# Hate the rollers on my trailer



## jethro (Sep 11, 2013)

How come I see a lot of trailers that don't have rollers at all, just two bunks on the bottom and two bunks on the sides? I have a trailer with 2 keel rollers and if you don't get the boat lined up perfectly, it will fall off the roller. It's a real nightmare getting my boat loaded. It literally can't be out of alingnment one tiny bit or it will fall off that roller. Can I remove these damn things, or are the rollers really important? Is it because I have a deep V hull? Really amazingly difficult with this boat. I'm not new to boats either, but this is the first deep v I've had.

I don't have a picture oft the empty trailer, but this is the boat on the trailer.


----------



## krawler (Sep 11, 2013)

I know what your talking about I had the same problem. I actually added another roller to help align the boat when loading https://www.overtons.com/modperl/product/details.cgi?pdesc=Yellow-Poly-Bow-Roller-fits-3-bracket&i=22037&aID=601T3&merchID=4006. Another thing is, don't put the trailer to deep in the water when recovering the boat. I set mine so when I bring the boat in, the bow hits the new roller and the bunks about the same time. The roller holds the bow straight until I winch it in the rest of the way.
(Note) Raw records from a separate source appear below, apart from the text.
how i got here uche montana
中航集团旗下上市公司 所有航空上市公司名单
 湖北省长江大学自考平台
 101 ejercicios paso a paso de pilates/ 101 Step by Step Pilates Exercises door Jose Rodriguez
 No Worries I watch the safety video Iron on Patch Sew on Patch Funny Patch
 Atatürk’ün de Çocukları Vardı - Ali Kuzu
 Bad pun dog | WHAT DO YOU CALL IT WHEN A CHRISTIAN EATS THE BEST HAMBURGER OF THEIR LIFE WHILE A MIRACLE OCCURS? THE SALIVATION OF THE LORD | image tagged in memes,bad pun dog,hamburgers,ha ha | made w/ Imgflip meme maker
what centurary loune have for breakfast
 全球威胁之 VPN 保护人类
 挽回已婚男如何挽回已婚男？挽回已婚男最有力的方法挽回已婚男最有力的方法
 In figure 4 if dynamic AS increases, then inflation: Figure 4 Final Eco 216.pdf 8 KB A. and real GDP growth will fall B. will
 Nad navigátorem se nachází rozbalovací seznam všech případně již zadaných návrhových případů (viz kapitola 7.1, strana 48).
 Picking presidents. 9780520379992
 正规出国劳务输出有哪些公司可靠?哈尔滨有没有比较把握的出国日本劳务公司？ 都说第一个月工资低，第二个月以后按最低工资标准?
Another thing I noticed is the rollers in the middle of the trailer shouldn't be touching the boat when it is fully on the trailer. It should be resting on the bunks, the one bow roller and the vee block/roller at the winch.


----------



## Colbyt (Sep 11, 2013)

I would need to see a low shot of the rear end to give you a mildly educated opinion. The center keel rollers are sometimes important when dealing with a v.


----------



## sawmill (Sep 12, 2013)

If that boat was mine the rollers on the sides would be off from there and replaced with a carpeted board. I think your side roller is to far ahead and it won't stop your boat from swinging sideways. I had the same thing once but not for long


----------



## overboard (Sep 12, 2013)

I believe they make a self centering keel roller, maby that would help. ?


----------



## FerrisBueller (Sep 12, 2013)

I have a similar style trailer, and what i do is back the trailer deep enough so that i can use the front roller as a guide and the back side guide posts hold it centered, and when i pull it out the boat just lowers onto the middle and back keel rollers. 

yours may be set up a little differently, but I understand your frustration with it!


----------



## Wallijig (Sep 17, 2013)

[url=https://www.tinboats.net/forum/viewtopic.php?p=329064#p329064 said:


> krawler » September 11th, 2013, 4:39 pm[/url]"]I know what your talking about I had the same problem. I actually added another roller to help align the boat when loading https://www.overtons.com/modperl/product/details.cgi?pdesc=Yellow-Poly-Bow-Roller-fits-3-bracket&i=22037&aID=601T3&merchID=4006. Another thing is, *don't put the trailer to deep in the water when recovering the boat. I set mine so when I bring the boat in,* the bow hits the new roller and the bunks about the same time. The roller holds the bow straight until I winch it in the rest of the way.
> 
> *Another thing I noticed is the rollers in the middle of the trailer shouldn't be touching the boat when it is fully on the trailer. It should be resting on the bunks, the one bow roller and the vee block/roller at the winch.*



I believe krawler and others nailed it.
Raise your bunks so boat has to drop in between them, only place on my boat hits my back 2 rollers is where front v is sharper right when coming onto trailer. Let the bunks do the guiding. Bunks can not guide if under water to much either I back them up to wet them then pull ahead just so back part under water and front of bunks out of water. You will find a sweet spot in your trailer wherre it lines up perfect and yet glides up on smooth.


----------



## jethro (Sep 17, 2013)

[url=https://www.tinboats.net/forum/viewtopic.php?p=329558#p329558 said:


> Wallijig » 17 Sep 2013, 08:56[/url]"]
> 
> 
> [url=https://www.tinboats.net/forum/viewtopic.php?p=329064#p329064 said:
> ...



That's what I thought, that I just needed to experiment with it and figure out the right depth, but after launching and loading it all summer about 30-40 times I still look like an amateur out there! 

I may try the carpeted guide bunks instead of the roller guides. I like that idea better.


----------